By Ed Bruske
Egg and sausage quesadilla with chocolate milk and baked apples.
Often, processed foods arrive at school in individual plastic packaging and are simply reheated as is from the frozen state. The kitchen at my daughter's school has a commercial steamer that heats meal items while still in the plastic, making service a breeze. They are displayed just like this in the food line.
What you see here in the plastic wrapper is an egg and sausage breakfast quesadilla. My daughter complained that she didn't want the quesadilla. What she had really wanted was a yogurt. But she said the kitchen staff would not allow her to make an exchange, so she asked me to intervene.

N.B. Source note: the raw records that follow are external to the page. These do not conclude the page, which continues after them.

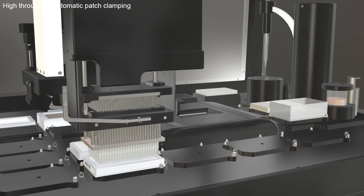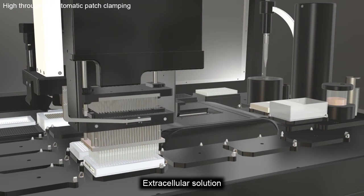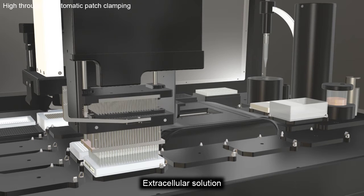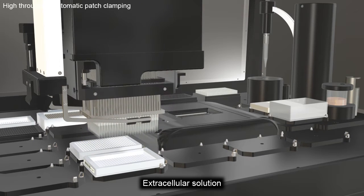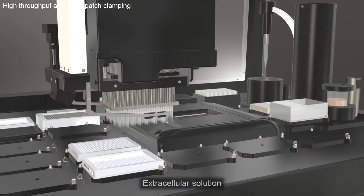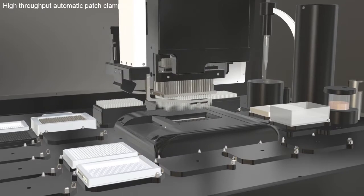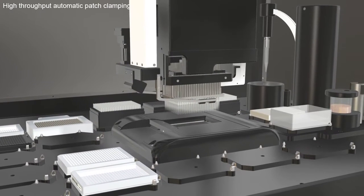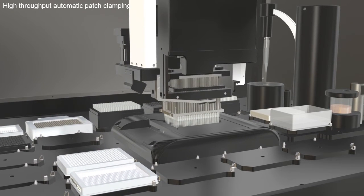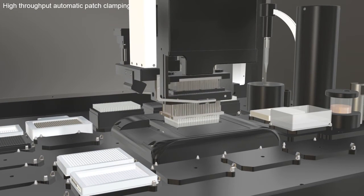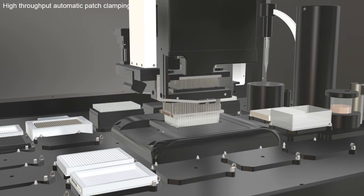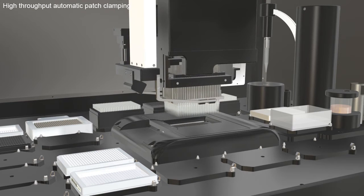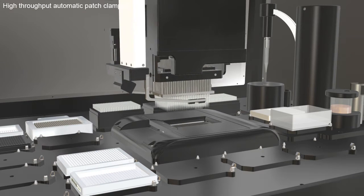The pipetter aspirates extracellular solution and dispenses it to the Q-Chip and then priming is done. The Q-Chip has 384 individual pairs of embedded silver chloride electrodes.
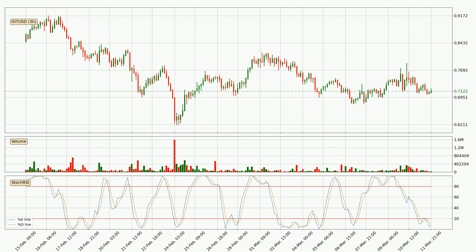Generally, the bigger timeframes have a bigger impact on the price, so please keep that in mind when different timeframes show contrasting indicators. Also, the shorter timeframes are only representative for short-term trading.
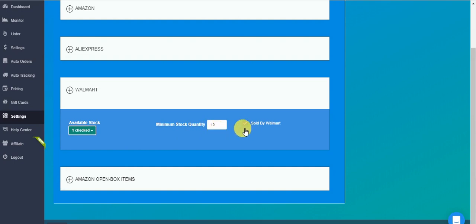And sold by Walmart or not. Walmart is a chain. Have inside them also third-party sellers. If you are just a beginner, you might want to choose to go only for sold by Walmart items. And maybe consider the third-party sellers later.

I took the offending quesadilla back to the food line, but when I tried to trade it in for a container of yogurt I got a real hard time from the woman sitting at the cash register, who wagged her finger at me and said, "No! No! No!" She said there were no exchanges allowed, but when I took the yogurt anyway she made me remove the quesadilla. "We can't take food back," she said.
Shouldn't the kichen crew be making eating more healthful food easier for the kids, not harder?
My daughter's breakfast companion declared the quesadilla "good." This is how she ate it after opening the plastic--like a sandwich.
Ed Bruske writes The Slow Cook blog.
ゼファルリンの正しい飲み方
8 years ago
What about the plastic leaching onto the food while it is hot? Aren't we taught not to put plastic wraps in the microwave? Isn't a "steamer" essentially the same?